» **EXERCISE DIRECTIONS**
Please take the lines from the one holding "Bomboogie Płaszcz zimowy" through the one holding "JULLAMPA TOPPLAMPA LED KLAR E10 3ST" in the data below and copy them exactly.

» **DATA FOR PROCESSING**
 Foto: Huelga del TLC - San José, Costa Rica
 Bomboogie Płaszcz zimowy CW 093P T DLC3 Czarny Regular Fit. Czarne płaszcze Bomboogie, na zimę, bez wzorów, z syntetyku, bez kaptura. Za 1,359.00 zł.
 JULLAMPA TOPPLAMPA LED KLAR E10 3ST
==
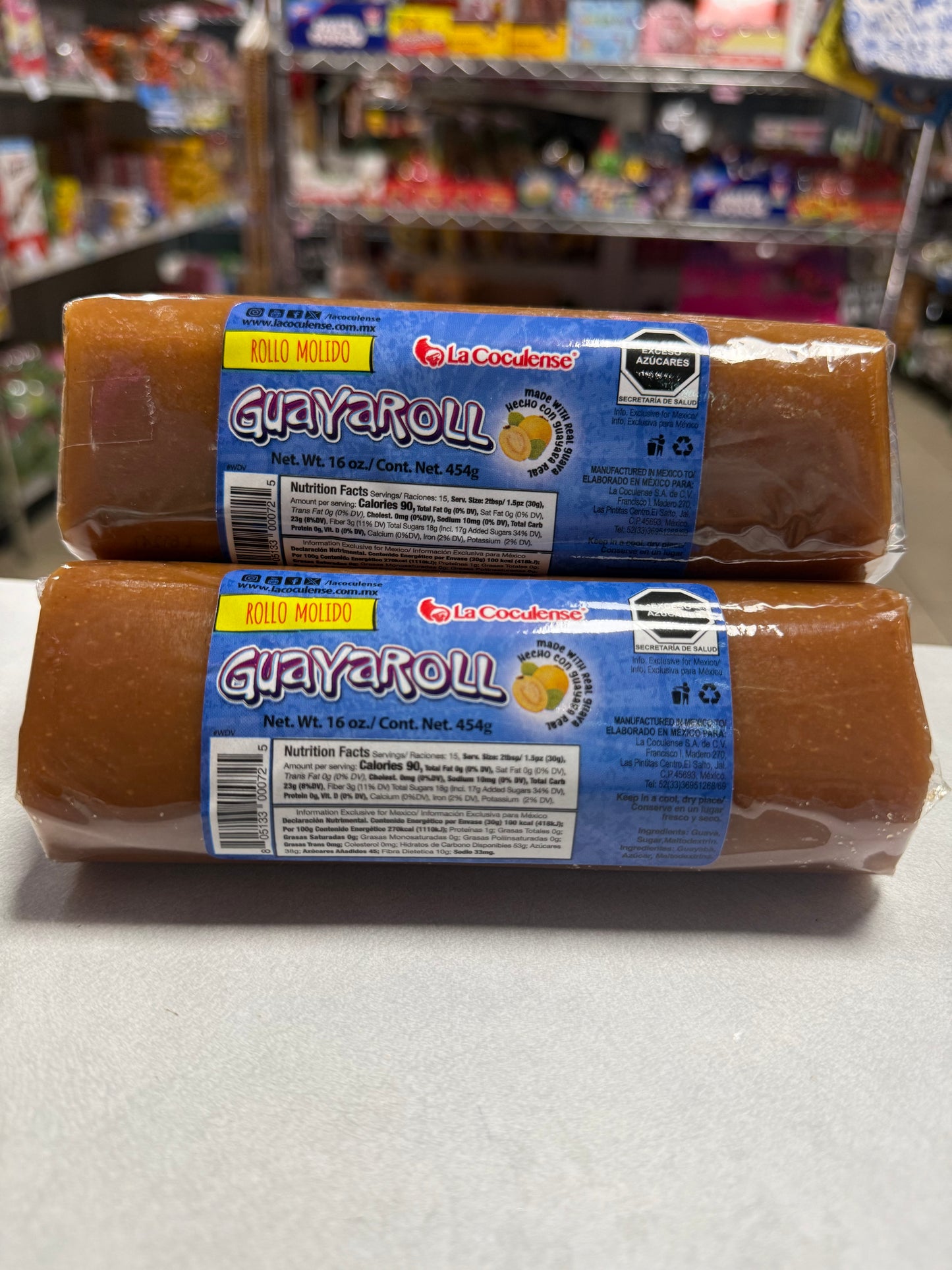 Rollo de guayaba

» **PROBLEM SOLUTION**
 Bomboogie Płaszcz zimowy CW 093P T DLC3 Czarny Regular Fit. Czarne płaszcze Bomboogie, na zimę, bez wzorów, z syntetyku, bez kaptura. Za 1,359.00 zł.
 JULLAMPA TOPPLAMPA LED KLAR E10 3ST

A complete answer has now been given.